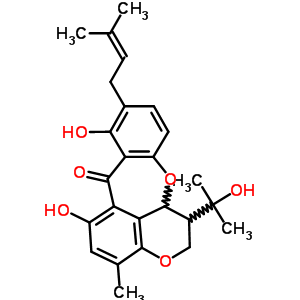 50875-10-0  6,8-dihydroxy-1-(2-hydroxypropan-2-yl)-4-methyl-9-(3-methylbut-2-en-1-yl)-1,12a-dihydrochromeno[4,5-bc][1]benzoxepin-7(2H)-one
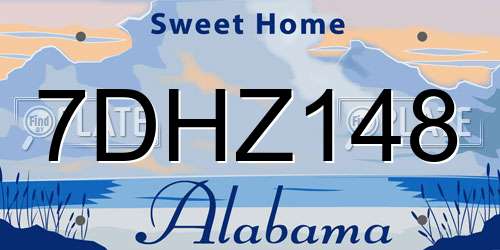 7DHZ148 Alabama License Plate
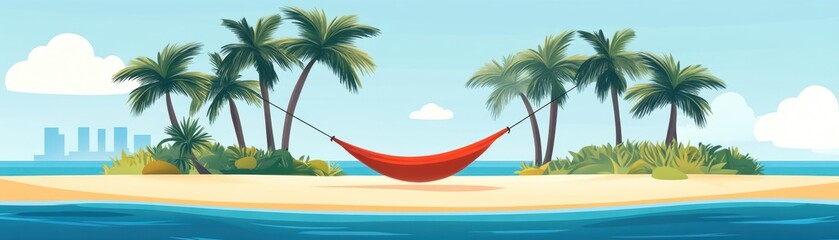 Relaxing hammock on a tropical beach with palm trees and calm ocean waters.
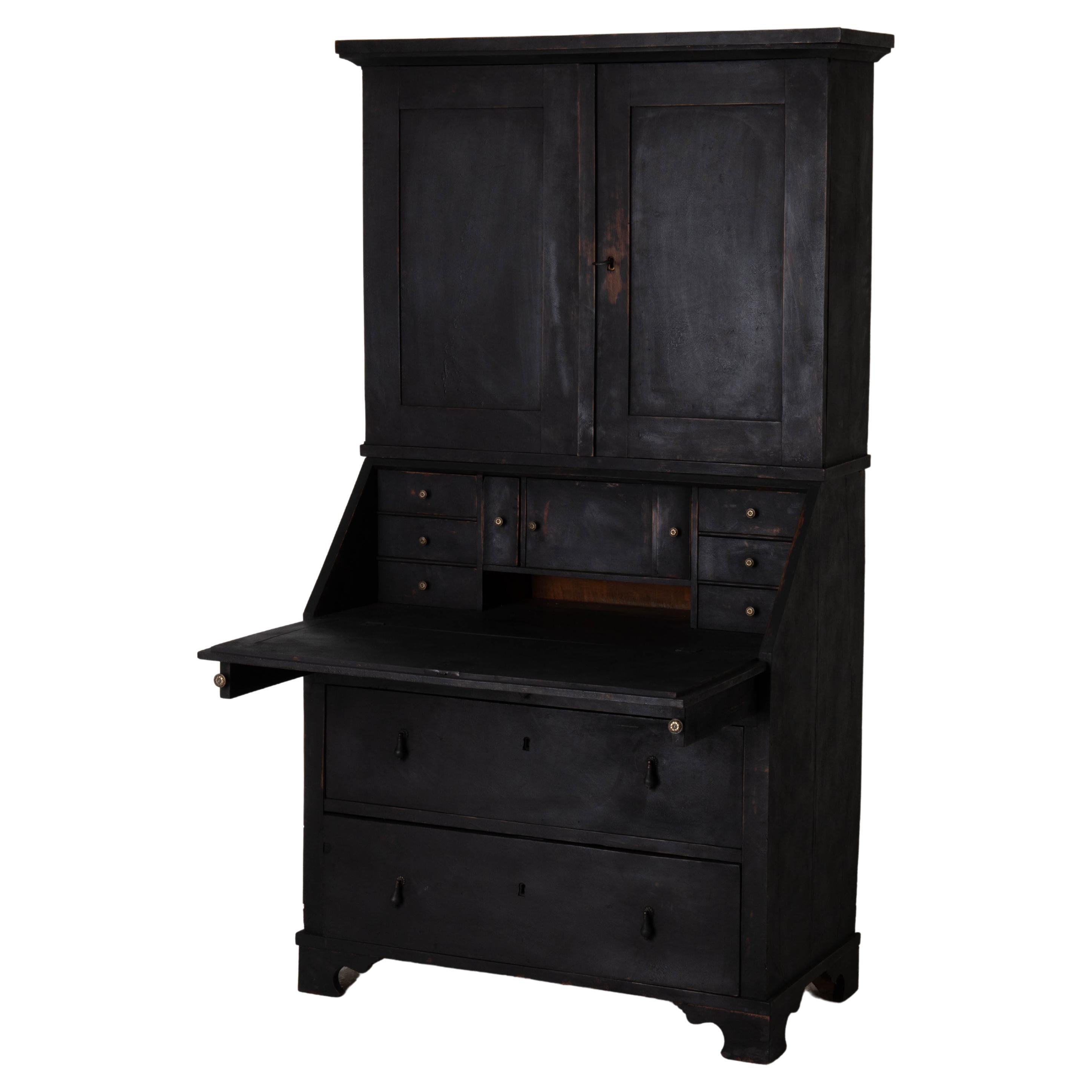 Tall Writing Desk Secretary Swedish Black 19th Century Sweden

[Problem description]
What is needed is an exact copy of the lines from the line with "7DHZ148 Alabama License Plate" to the end of the data above, both included, without any pictures.

[Exercise output]
 7DHZ148 Alabama License Plate
 Relaxing hammock on a tropical beach with palm trees and calm ocean waters.
 Tall Writing Desk Secretary Swedish Black 19th Century Sweden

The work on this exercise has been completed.